ASSIGNED TASK - Both the line below containing "证券交易所改革：对投资者带来的影响与机遇" and the line containing "F2 Maltipoo Yavruları", along with every line between them, should be repeated exactly; no other line belongs in the answer.

Stored data entries -
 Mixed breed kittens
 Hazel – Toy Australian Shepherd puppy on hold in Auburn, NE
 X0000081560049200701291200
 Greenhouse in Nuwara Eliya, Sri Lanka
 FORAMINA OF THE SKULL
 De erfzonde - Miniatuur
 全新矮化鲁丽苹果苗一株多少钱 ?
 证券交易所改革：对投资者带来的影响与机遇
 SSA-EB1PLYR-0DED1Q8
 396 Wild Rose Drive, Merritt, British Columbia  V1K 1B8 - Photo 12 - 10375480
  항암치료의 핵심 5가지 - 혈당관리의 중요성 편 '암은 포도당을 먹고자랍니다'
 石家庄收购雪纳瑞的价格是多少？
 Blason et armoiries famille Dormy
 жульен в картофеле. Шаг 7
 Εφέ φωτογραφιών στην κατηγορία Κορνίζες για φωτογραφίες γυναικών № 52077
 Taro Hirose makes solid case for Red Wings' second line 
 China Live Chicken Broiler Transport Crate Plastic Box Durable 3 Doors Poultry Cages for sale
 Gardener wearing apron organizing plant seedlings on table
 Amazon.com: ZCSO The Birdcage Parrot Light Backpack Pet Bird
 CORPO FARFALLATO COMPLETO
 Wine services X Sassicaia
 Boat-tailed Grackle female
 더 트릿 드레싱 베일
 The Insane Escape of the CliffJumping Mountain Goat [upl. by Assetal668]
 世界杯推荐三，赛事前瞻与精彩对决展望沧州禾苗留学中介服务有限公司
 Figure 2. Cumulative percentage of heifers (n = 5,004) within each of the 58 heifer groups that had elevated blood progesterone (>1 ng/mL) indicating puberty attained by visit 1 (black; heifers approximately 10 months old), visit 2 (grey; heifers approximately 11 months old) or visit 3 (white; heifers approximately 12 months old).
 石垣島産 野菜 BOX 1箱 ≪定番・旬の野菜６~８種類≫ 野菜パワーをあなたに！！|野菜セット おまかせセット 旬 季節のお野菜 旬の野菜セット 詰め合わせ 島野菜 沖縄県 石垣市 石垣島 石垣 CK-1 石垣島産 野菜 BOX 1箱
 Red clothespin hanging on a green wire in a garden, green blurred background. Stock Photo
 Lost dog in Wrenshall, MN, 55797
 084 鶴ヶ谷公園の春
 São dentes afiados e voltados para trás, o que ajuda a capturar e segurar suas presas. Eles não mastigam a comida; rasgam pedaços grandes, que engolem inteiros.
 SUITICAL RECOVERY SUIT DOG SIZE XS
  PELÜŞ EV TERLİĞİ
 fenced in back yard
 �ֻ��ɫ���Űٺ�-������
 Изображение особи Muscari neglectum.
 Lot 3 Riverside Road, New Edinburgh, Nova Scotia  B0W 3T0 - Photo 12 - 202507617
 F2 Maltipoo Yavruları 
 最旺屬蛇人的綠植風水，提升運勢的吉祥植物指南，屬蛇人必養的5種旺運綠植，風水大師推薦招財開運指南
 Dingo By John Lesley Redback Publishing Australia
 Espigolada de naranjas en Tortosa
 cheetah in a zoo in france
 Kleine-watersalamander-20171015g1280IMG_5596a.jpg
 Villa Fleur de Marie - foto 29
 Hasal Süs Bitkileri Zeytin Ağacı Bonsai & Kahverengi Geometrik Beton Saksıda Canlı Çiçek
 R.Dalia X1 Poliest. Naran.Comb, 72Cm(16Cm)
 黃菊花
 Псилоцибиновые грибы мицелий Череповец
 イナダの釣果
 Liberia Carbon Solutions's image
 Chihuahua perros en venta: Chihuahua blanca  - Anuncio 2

YOUR RESPONSE -
 证券交易所改革：对投资者带来的影响与机遇
 SSA-EB1PLYR-0DED1Q8
 396 Wild Rose Drive, Merritt, British Columbia  V1K 1B8 - Photo 12 - 10375480
  항암치료의 핵심 5가지 - 혈당관리의 중요성 편 '암은 포도당을 먹고자랍니다'
 石家庄收购雪纳瑞的价格是多少？
 Blason et armoiries famille Dormy
 жульен в картофеле. Шаг 7
 Εφέ φωτογραφιών στην κατηγορία Κορνίζες για φωτογραφίες γυναικών № 52077
 Taro Hirose makes solid case for Red Wings' second line 
 China Live Chicken Broiler Transport Crate Plastic Box Durable 3 Doors Poultry Cages for sale
 Gardener wearing apron organizing plant seedlings on table
 Amazon.com: ZCSO The Birdcage Parrot Light Backpack Pet Bird
 CORPO FARFALLATO COMPLETO
 Wine services X Sassicaia
 Boat-tailed Grackle female
 더 트릿 드레싱 베일
 The Insane Escape of the CliffJumping Mountain Goat [upl. by Assetal668]
 世界杯推荐三，赛事前瞻与精彩对决展望沧州禾苗留学中介服务有限公司
 Figure 2. Cumulative percentage of heifers (n = 5,004) within each of the 58 heifer groups that had elevated blood progesterone (>1 ng/mL) indicating puberty attained by visit 1 (black; heifers approximately 10 months old), visit 2 (grey; heifers approximately 11 months old) or visit 3 (white; heifers approximately 12 months old).
 石垣島産 野菜 BOX 1箱 ≪定番・旬の野菜６~８種類≫ 野菜パワーをあなたに！！|野菜セット おまかせセット 旬 季節のお野菜 旬の野菜セット 詰め合わせ 島野菜 沖縄県 石垣市 石垣島 石垣 CK-1 石垣島産 野菜 BOX 1箱
 Red clothespin hanging on a green wire in a garden, green blurred background. Stock Photo
 Lost dog in Wrenshall, MN, 55797
 084 鶴ヶ谷公園の春
 São dentes afiados e voltados para trás, o que ajuda a capturar e segurar suas presas. Eles não mastigam a comida; rasgam pedaços grandes, que engolem inteiros.
 SUITICAL RECOVERY SUIT DOG SIZE XS
  PELÜŞ EV TERLİĞİ
 fenced in back yard
 �ֻ��ɫ���Űٺ�-������
 Изображение особи Muscari neglectum.
 Lot 3 Riverside Road, New Edinburgh, Nova Scotia  B0W 3T0 - Photo 12 - 202507617
 F2 Maltipoo Yavruları 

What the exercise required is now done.